#### Instructions for the task
Within the listing below, give again exactly the lines between the one containing "Clothes Prada 20240611-9" and the one containing "Lab Grown Oval", inclusive, pictures left aside.

#### Source material
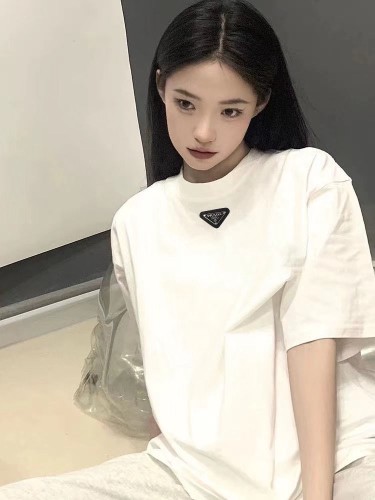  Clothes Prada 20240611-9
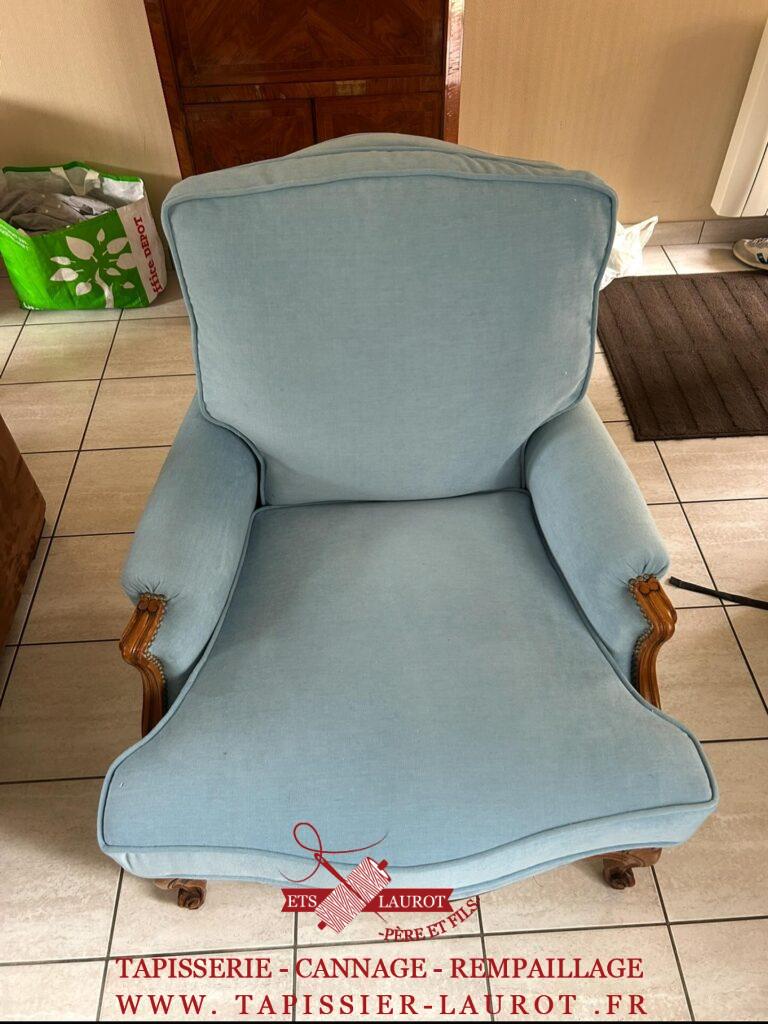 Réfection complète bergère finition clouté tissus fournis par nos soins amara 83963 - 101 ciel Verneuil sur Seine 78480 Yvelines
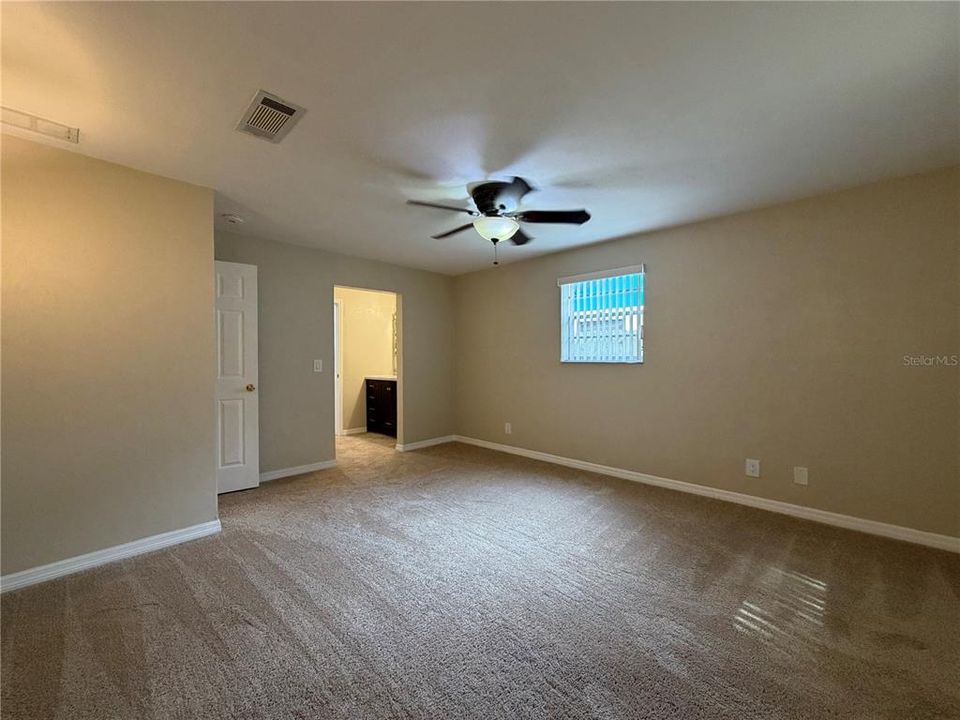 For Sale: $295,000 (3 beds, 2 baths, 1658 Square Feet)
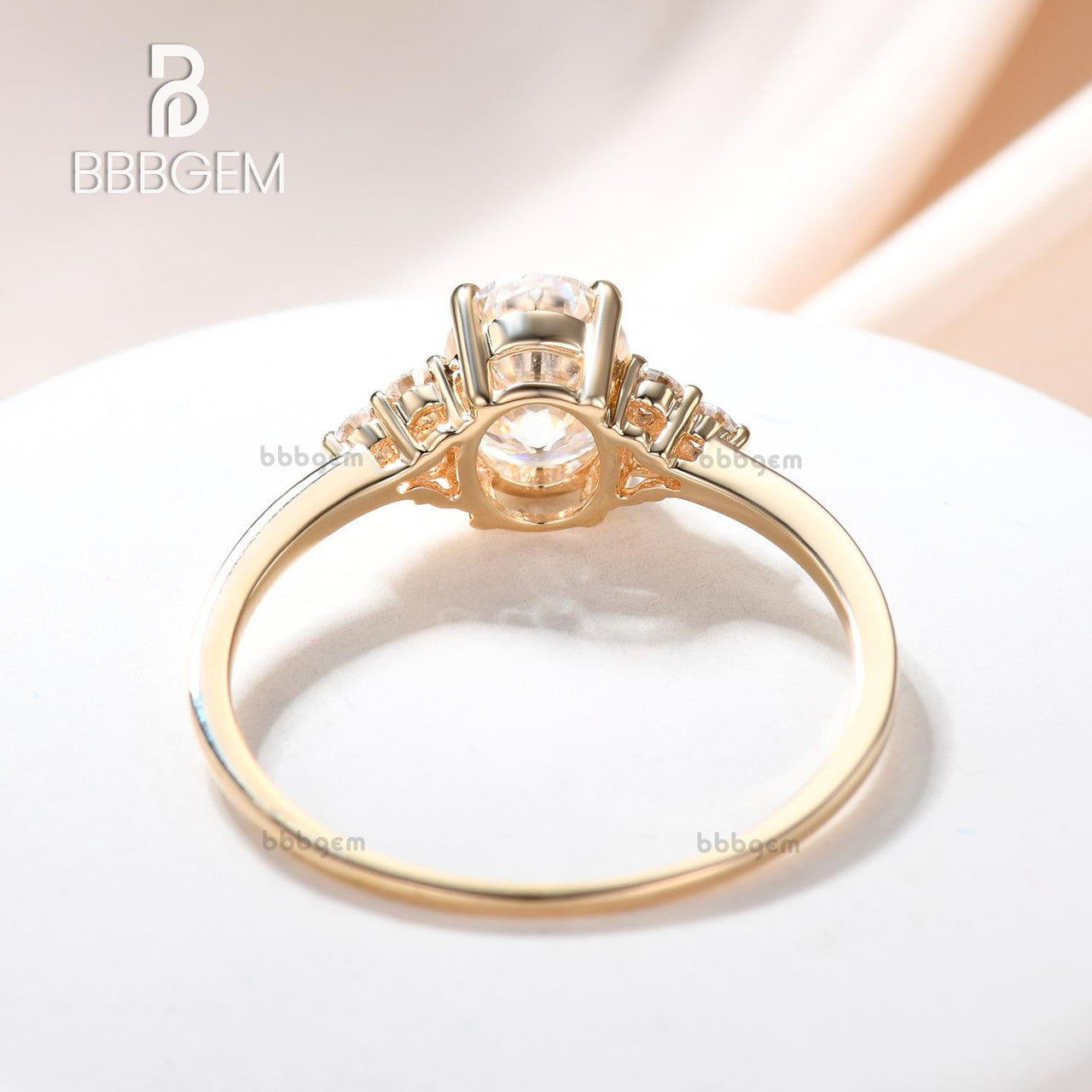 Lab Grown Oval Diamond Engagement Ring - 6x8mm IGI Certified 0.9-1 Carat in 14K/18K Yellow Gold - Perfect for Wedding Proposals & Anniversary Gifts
* * *
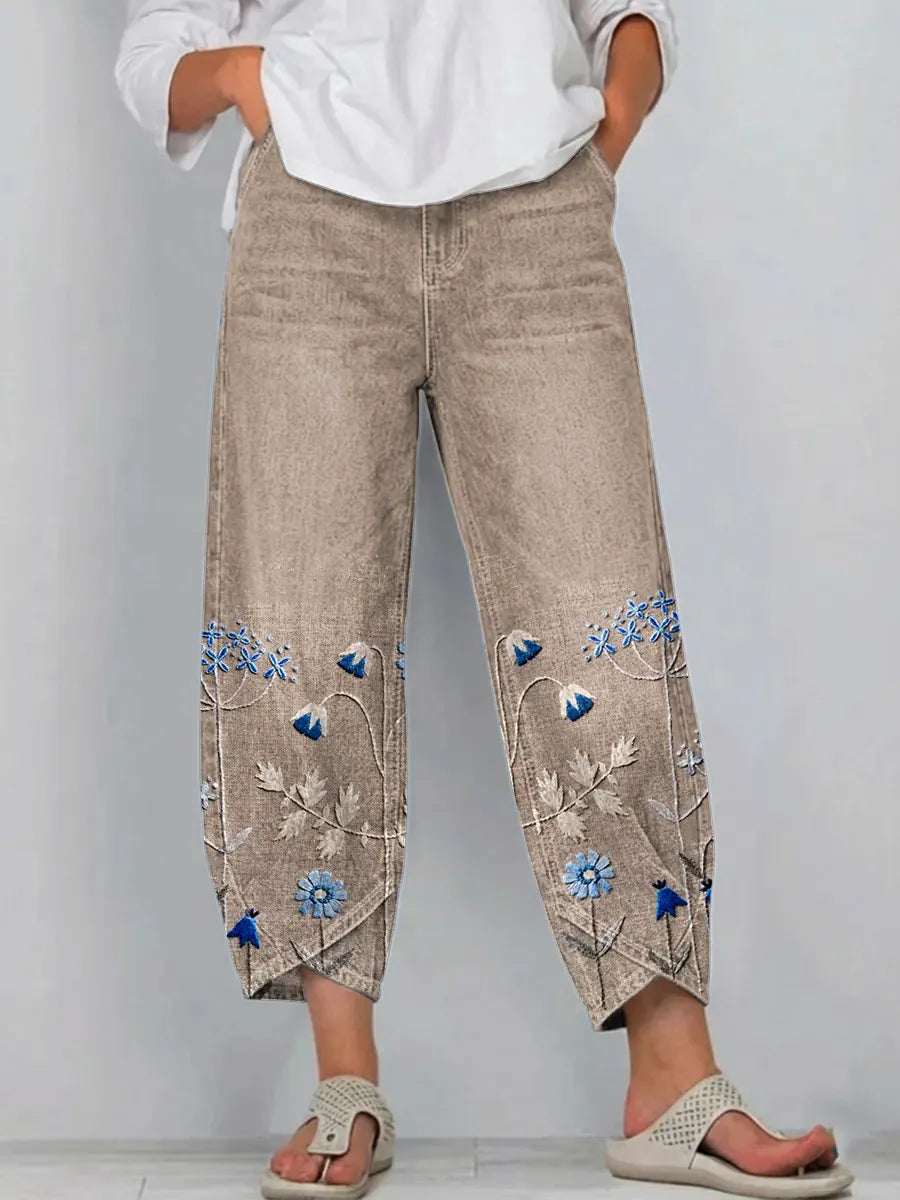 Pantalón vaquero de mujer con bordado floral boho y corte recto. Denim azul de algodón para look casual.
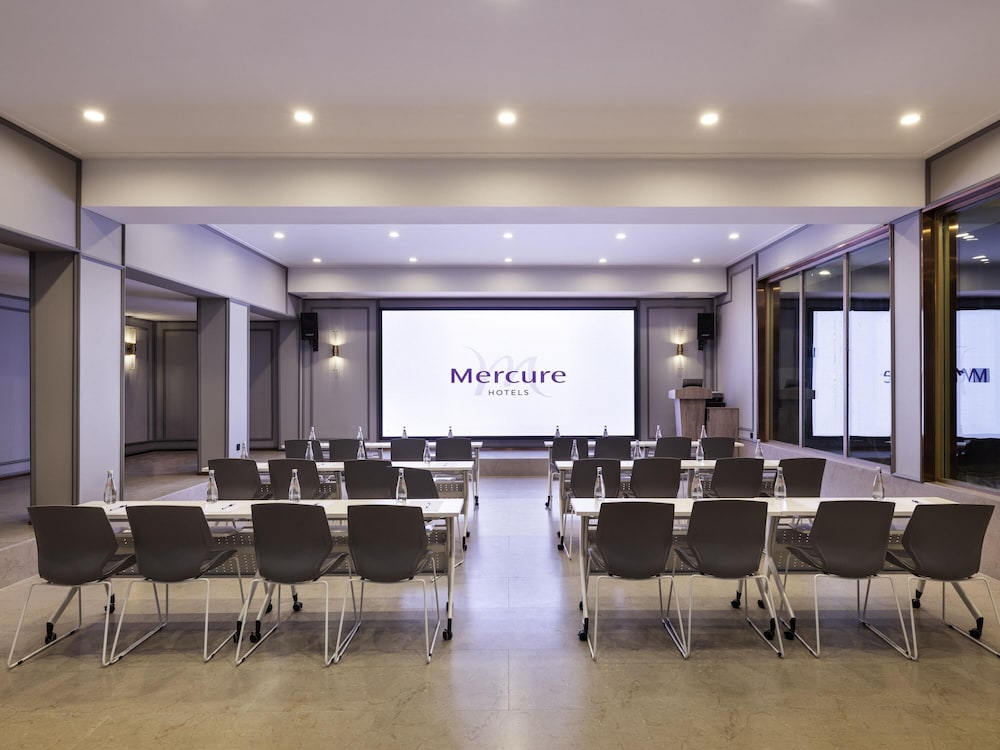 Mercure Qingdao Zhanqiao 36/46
--
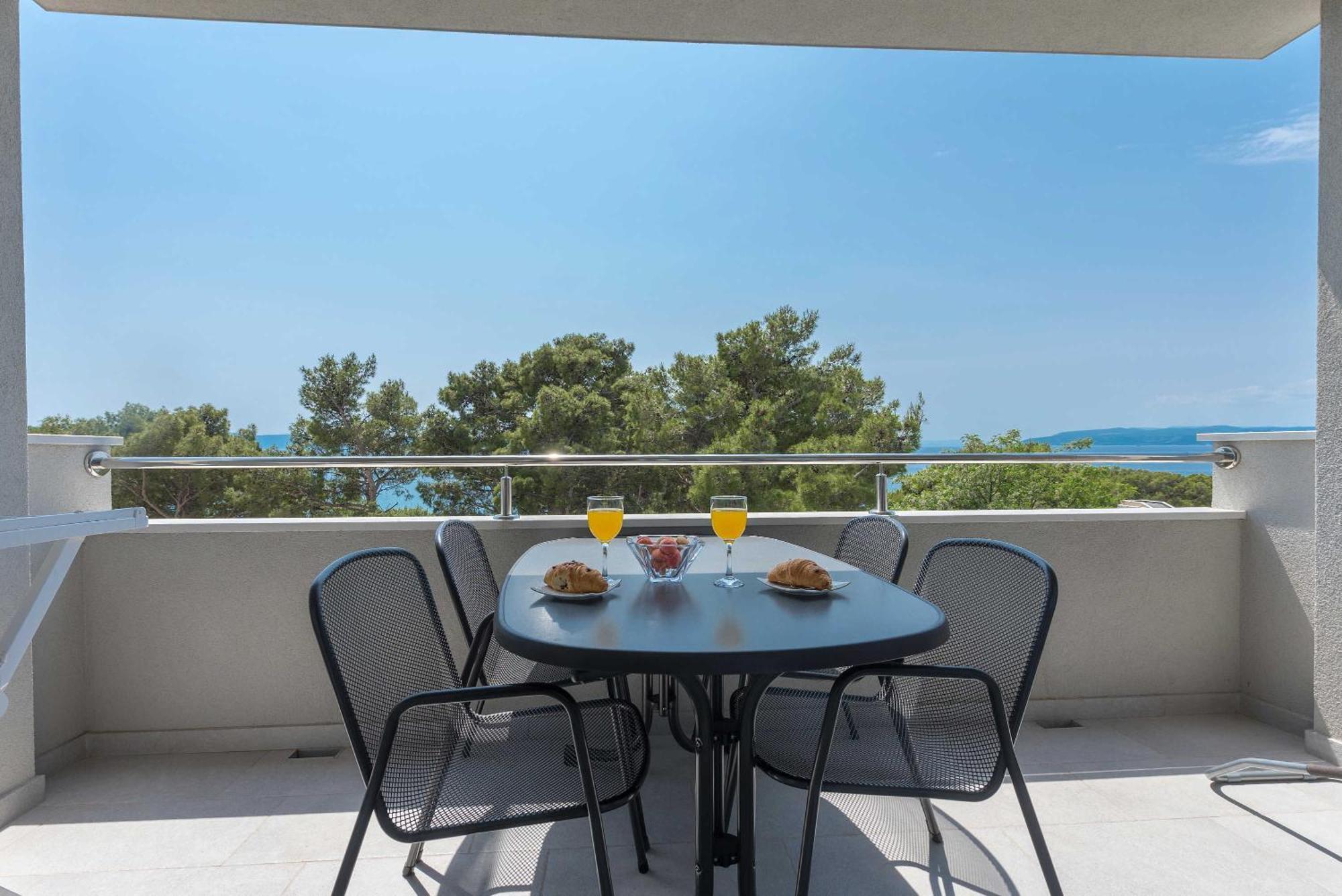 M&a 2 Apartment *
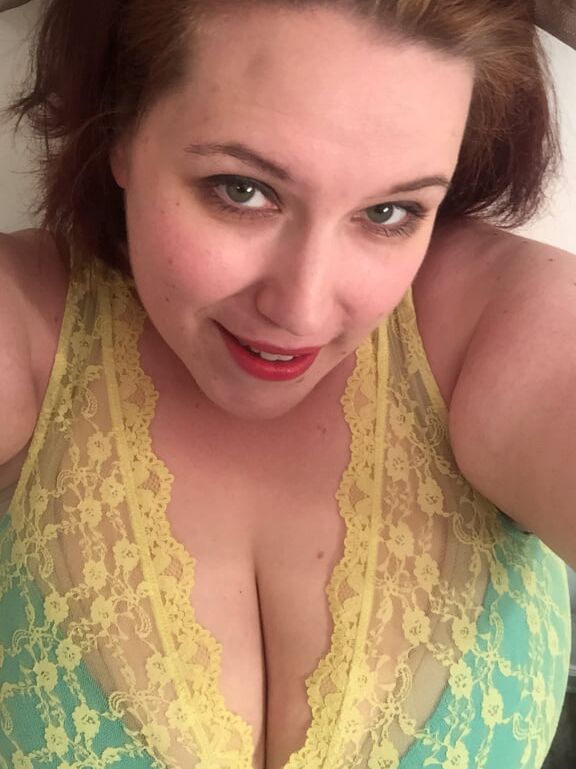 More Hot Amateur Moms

#### Response
  Clothes Prada 20240611-9
 Réfection complète bergère finition clouté tissus fournis par nos soins amara 83963 - 101 ciel Verneuil sur Seine 78480 Yvelines
 For Sale: $295,000 (3 beds, 2 baths, 1658 Square Feet)
 Lab Grown Oval Diamond Engagement Ring - 6x8mm IGI Certified 0.9-1 Carat in 14K/18K Yellow Gold - Perfect for Wedding Proposals & Anniversary Gifts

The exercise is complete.